DATA EXCERPT section start

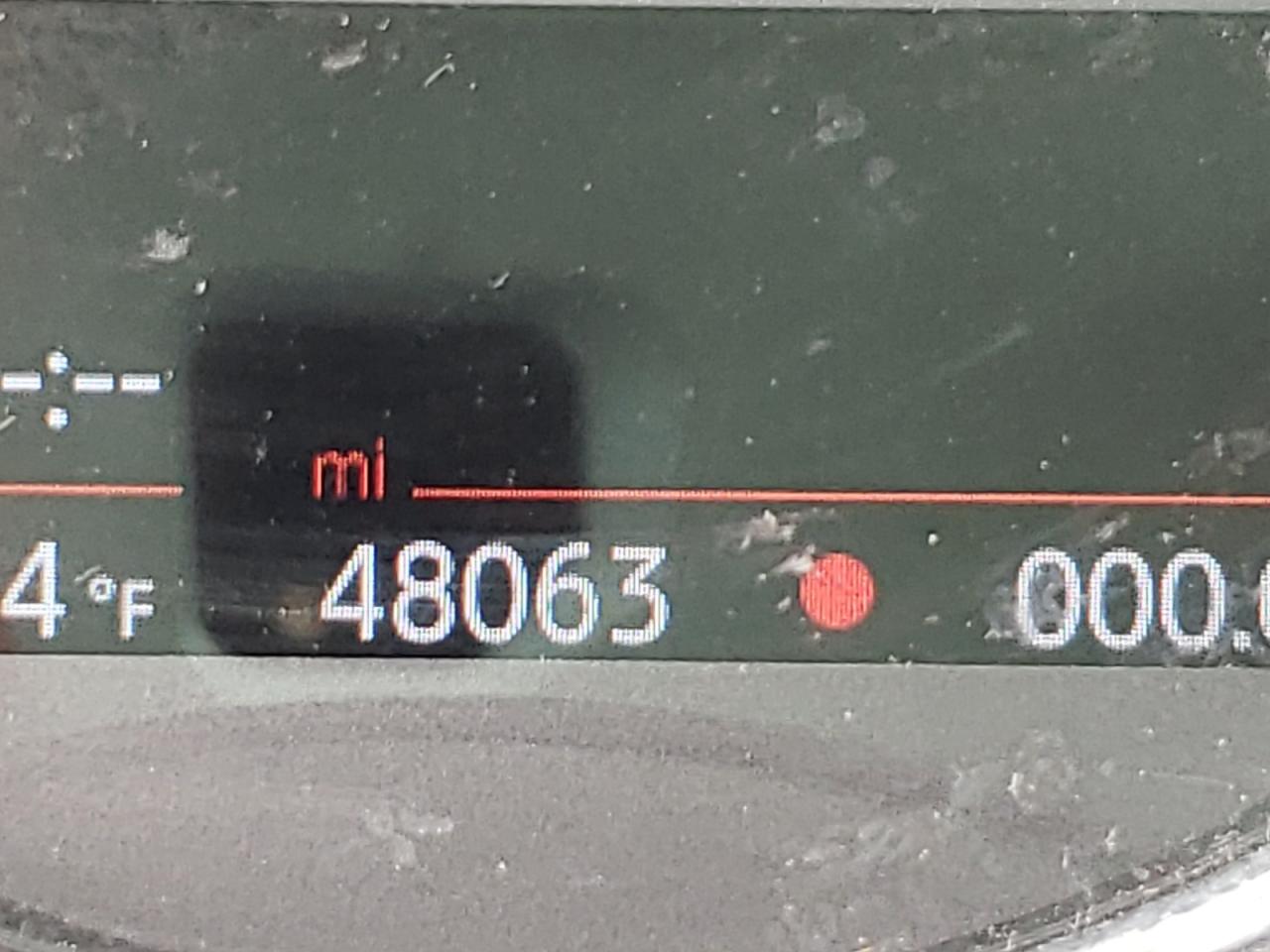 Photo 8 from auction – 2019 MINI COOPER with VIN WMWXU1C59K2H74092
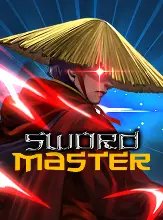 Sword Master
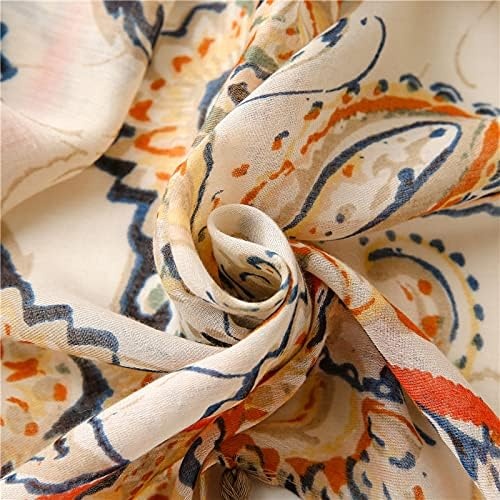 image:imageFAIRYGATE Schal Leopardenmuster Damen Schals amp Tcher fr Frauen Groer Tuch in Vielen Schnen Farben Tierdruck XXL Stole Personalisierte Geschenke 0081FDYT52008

DATA EXCERPT section end

Give the listing above again in its entirety, exactly as written and free of images.

### EXERCISE RESULT
 Photo 8 from auction – 2019 MINI COOPER with VIN WMWXU1C59K2H74092
 Sword Master
 image:imageFAIRYGATE Schal Leopardenmuster Damen Schals amp Tcher fr Frauen Groer Tuch in Vielen Schnen Farben Tierdruck XXL Stole Personalisierte Geschenke 0081FDYT52008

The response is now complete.